====== INFORMATION SHOWN

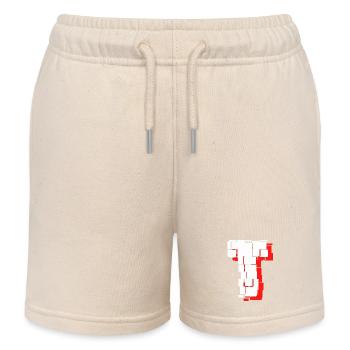 Carreaux blanc rouge t - Short de jogging enfant bio Stanley/Stella - écru doux - Devant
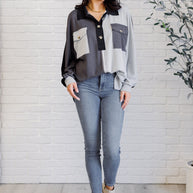 Chip Off the Old Colorblock V-Neck Henley in Grey-Tops-Ave Shops-[option4]-[option5]-[option6]-[option7]-[option8]-Shop-Boutique-Clothing-for-Women-Online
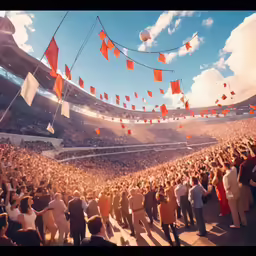 an audience of people standing in a stadium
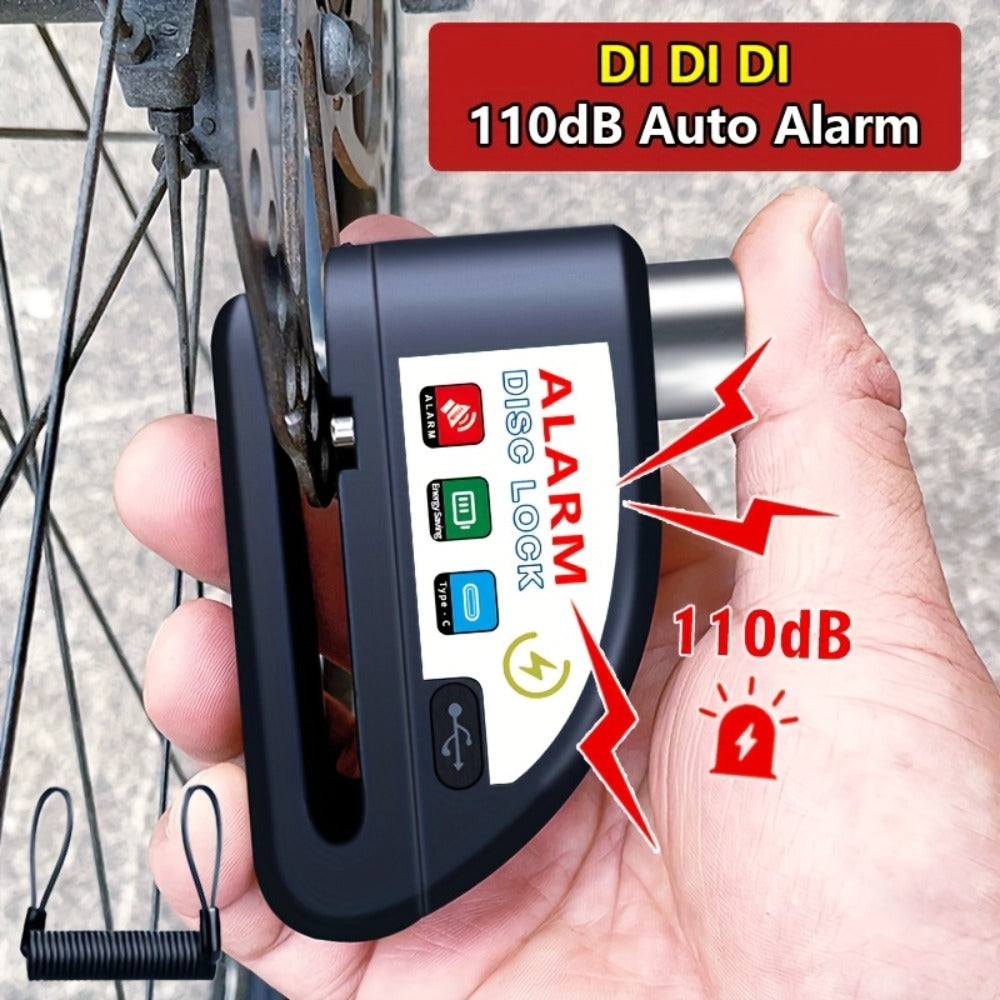 Motorcycle Disc Brake Lock with 120dB Alarm & USB Rechargeable 500mAh Battery, Anti-Theft Security Lock for Motorcycles Bicycles Dirt Bikes Scooters, Includes Charging Cable & Reminder Rope, Blue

============

## EXERCISE BRIEF
Please transcribe the listing exactly as it stands, but omit its pictures.

## RESPONSE FOR THIS EXERCISE
 Carreaux blanc rouge t - Short de jogging enfant bio Stanley/Stella - écru doux - Devant
 Chip Off the Old Colorblock V-Neck Henley in Grey-Tops-Ave Shops-[option4]-[option5]-[option6]-[option7]-[option8]-Shop-Boutique-Clothing-for-Women-Online
 an audience of people standing in a stadium
 Motorcycle Disc Brake Lock with 120dB Alarm & USB Rechargeable 500mAh Battery, Anti-Theft Security Lock for Motorcycles Bicycles Dirt Bikes Scooters, Includes Charging Cable & Reminder Rope, Blue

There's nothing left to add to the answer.